E' durato solo qualche ora il fermo di Vladimir Luxuria, arrestata ai Giochi di Sochi per una bandiera arcobaleno con scritto in cirillico ''e' ok essere gay'', prima e unica provocazione ad Olimpiadi in corso contro la legge russa che vieta la propaganda omosessuale tra minori. E' stata la stessa Luxuria ad annunciare il suo rilascio con un sms al Gay Center. "Sono stata liberata e domani assisterò ai Giochi": ha scritto nell'sms, reso noto da Fabrizio Marrazzo, portavoce del Gay Center. Luxuria si trova a Sochi per realizzare con Pio e Amedeo un servizio per il programma tv Le Iene dedicato alla problematica omosessuale in Russia ed al dibattito acceso durante le Olimpiadi contro le restrittive leggi di Putin. La notizia del fermo era stata resa nota da Flavio Romani, presidente dell' Arcigay-Associazione Lgbt italiana: ''Ho ricevuto una sua telefonata, mi ha detto che e' stata fermata dalla polizia'', ha riferito, chiedendone l'immediata liberazione e definendo ''infame'' la legge russa. Anche Imma Battaglia, presidente onorario Di' Gay Project, ha ricevuto una telefonata analoga da Luxuria: ''l'atteggiamento degli agenti é stato brutale e aggressivo''. La Farnesina ha attivato subito l'unita' di crisi. Nel frattempo sono arrivate arrivate le prime reazioni: dal sen. Sergio Lo Giudice, secondo cui ''l'arresto della ex parlamentare italiana mostra tutta l'ipocrisia di Putin e del suo regime'' al presidente di Gaynet Italia Franco Grillini. ''Sono a Sochi! Saluti con i colori della rainbow, alla faccia di Putin!'': cosi' Vladimir Luxuria, prima persona transgender ad essere eletta al parlamento di uno Stato europeo, aveva annunciato il suo sbarco ai Giochi di Sochi su twitter, postando anche una sua foto all'ingresso del parco olimpico con un ventaglio arcobaleno. 

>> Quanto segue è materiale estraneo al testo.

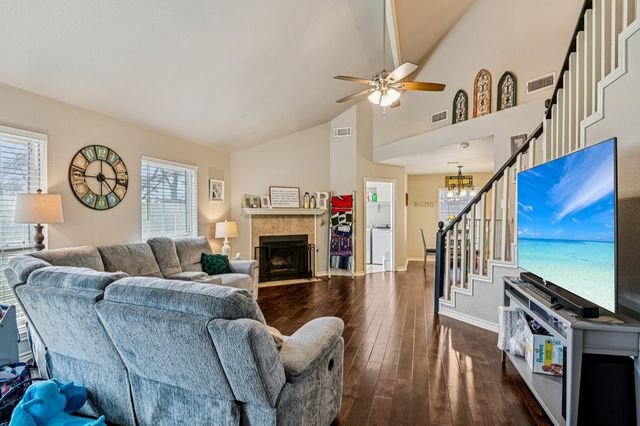 1733 Shawnee Drive, Cleburne, TX 76033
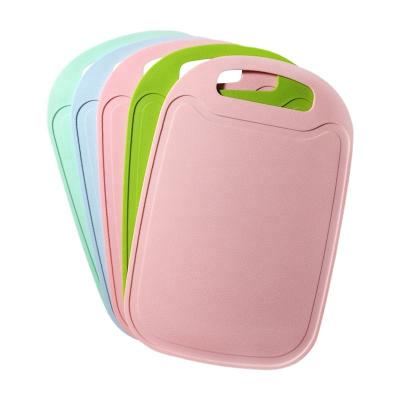 China Home.Restaurant.Bar.Hotel. Silicone Folding Cutting Board Kitchen Super Markets Promotions Washable Camping Organizer Hash Holder With Strainer for sale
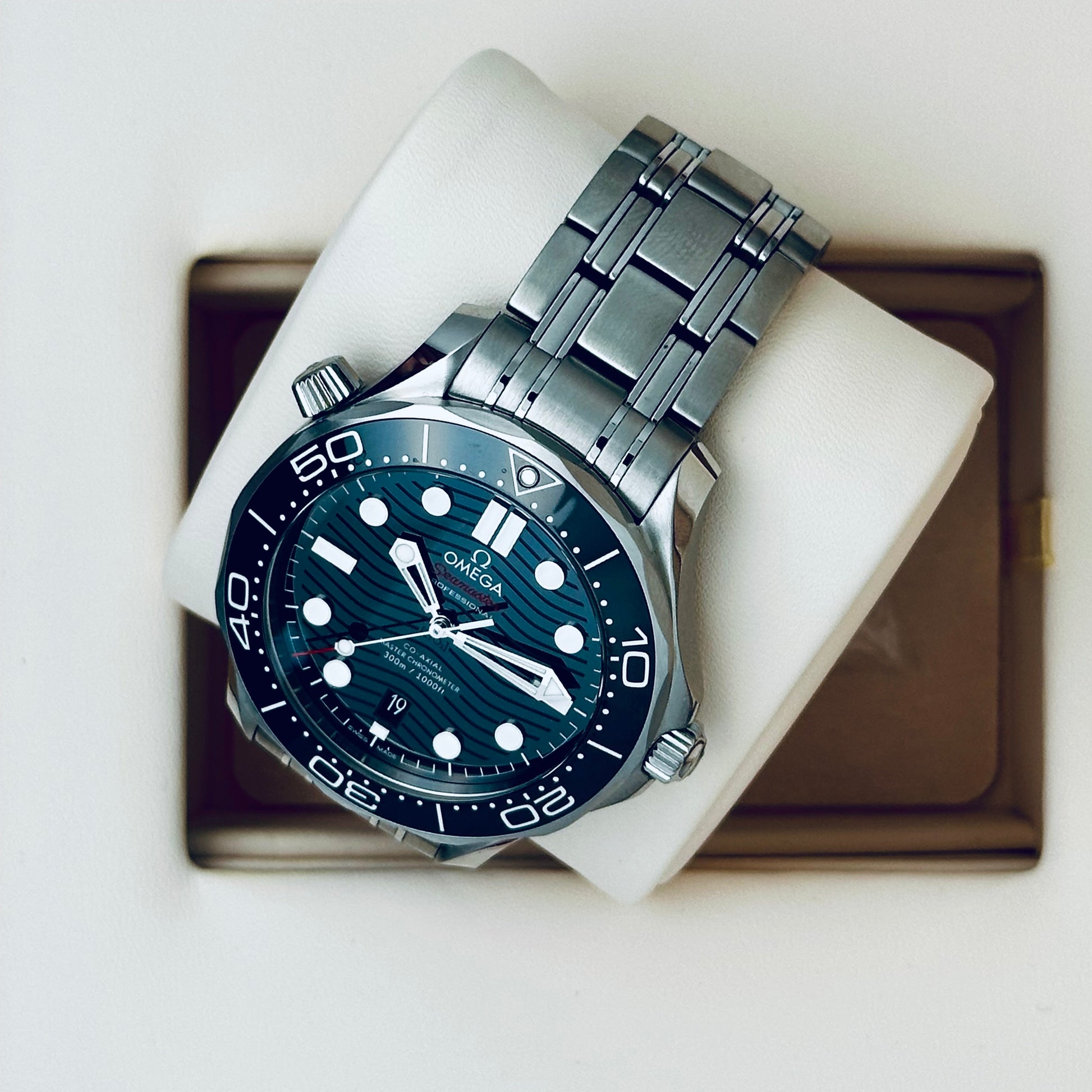 Omega Seamaster Diver 300M / 210.30.42.20.01.001 / schwarz / Edelstahl / Full Set / 2024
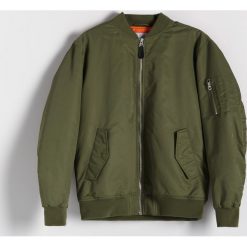 Kurtka bomber z niską stójką - Zielony. Zielone kurtki Reserved, l, bez wzorów, bez kaptura. Za 199.99 zł.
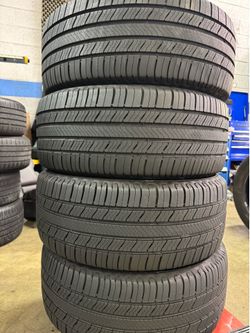 SET OF 4 MICHELIN 225/50/17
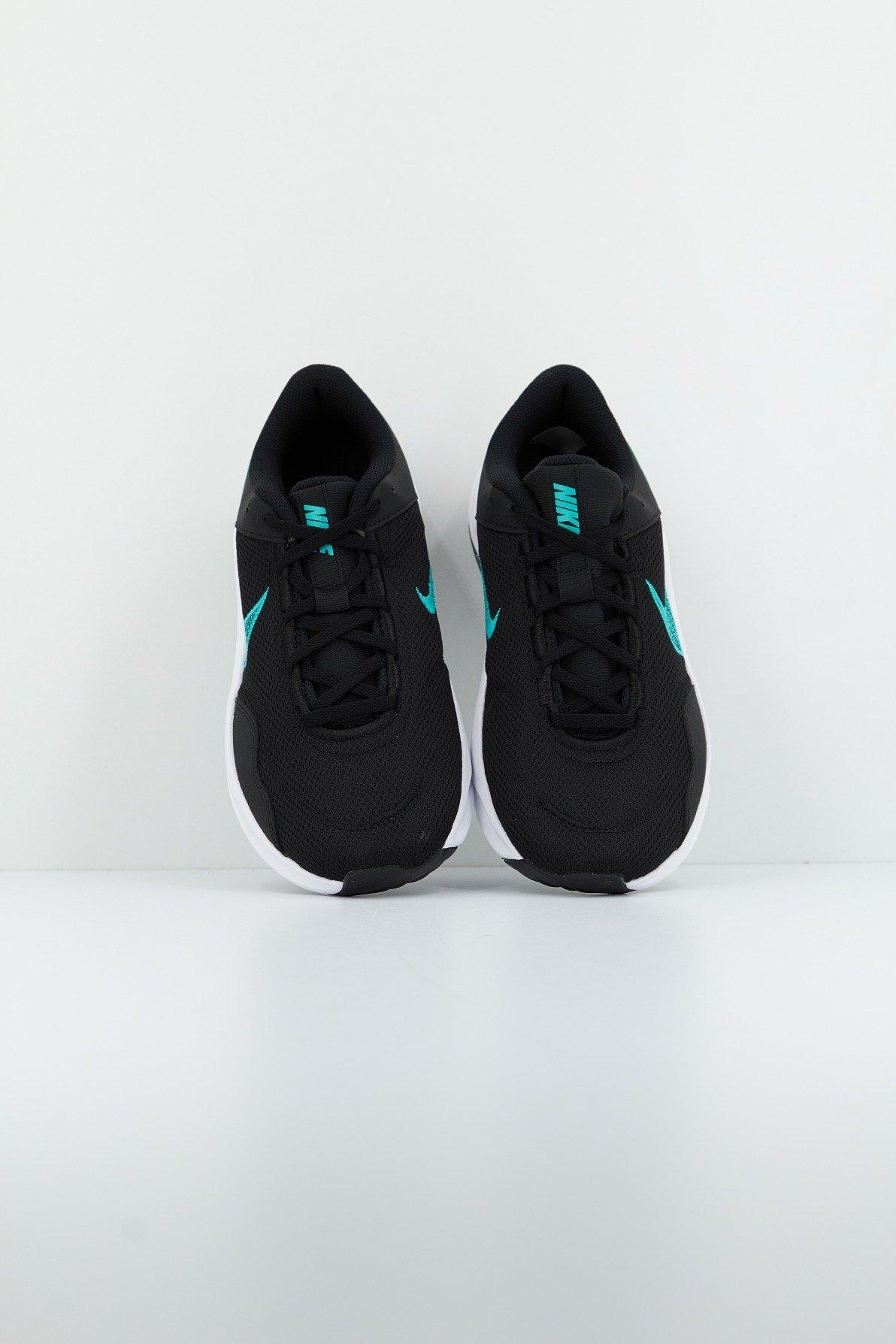 NIKE LEGEND ESSENTIAL NN en color NEGRO (2)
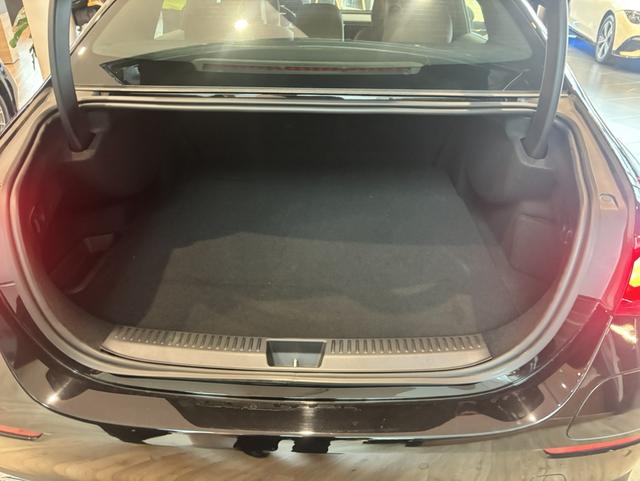 Mercedes-Benz E-Class 2024 thumb 4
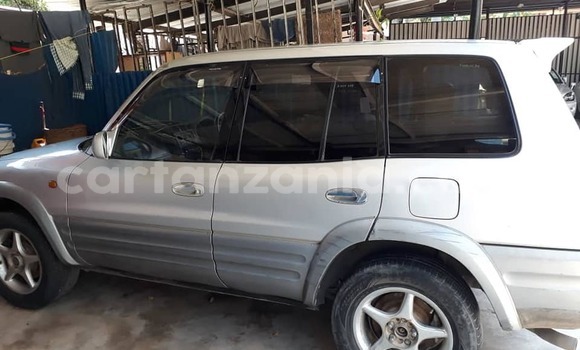 Buy Used Toyota RAV4 Silver Car in Dar es Salaam in Dar es Salaam Buy Used Toyota RAV4 Silver Car in Dar es Salaam in Dar es Salaam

Era venuta con una troupe delle Iene per intervistare alcuni atleti azzurri sulla legge omofoba, a partire da Carolina Kostner. ''L'obiettivo, naturalmente, e' quello di protestare contro la legge omofoba di Putin, quella che vieta pretestuosamente la propaganda gay in presenza di minori'', aveva spiegato al telefono all' ANSA poche prima dell'arresto, mentre stava acquistando all'aeroporto di Sochi i biglietti per andare a vedere domani sera una partita di hockey. Ci voleva andare ''come sono vestita ora: gonna lunga con strascico, orecchini, bracciali e ventaglio, tutto con i colori rainbow''. ''Sono un arcobaleno vivente, sono i colori della bandiera della mia squadra'', aveva spiegato usando una metafora sportiva. E aveva promesso di portare domani anche la bandiera rainbow al Bolshoi Ice Dom, dove Putin ha seguito i match della squadra russa di hockey. ''Avrei voluto sventolarla durante una gara degli azzurri, ma non ho trovato biglietti'', aveva sottolineato. ''La mia - aveva osservato - e' una provocazione contro una legge assurda, che usa il divieto della propaganda gay ovunque ci siano minori come pretesto per non parlare dell'omosessualita', nel pregiudizio che si possa trasmettere per il solo fatto di discuterne''. '

'E poi trovo inaccettabile l'equiparazione tra omosessualita' e pedofilia, che non e' un orientamento sessuale ma una aberrazione sessuale'', aveva aggiunto. Per le proteste, tuttavia, Putin ha scelto un'unica area, in un parco lontano dalla zona olimpica. Ieri Luxuria era gia' andata al Mayak, il piu' noto locale gay di Sochi: ''mi conoscono anche li', e' un bel locale, si divertono''. Nel 2007 invece era stata Mosca come deputata di Rifondazione Comunista per protestare contro il divieto del gay pride e, insieme all'eurodeputato radicale Marco Cappato ed altri esponenti politici europei, era stata aggredita da gruppi di nazionalisti ed ultra ortodossi. ''Finora qui non ho avuto problemi, a parte all'aeroporto, per via di quella M (maschio, ndr) sul passaporto e del mio nome, Vladimir, che qui e' associato a Putin ed e' come San Gennaro da noi'', aveva scherzato.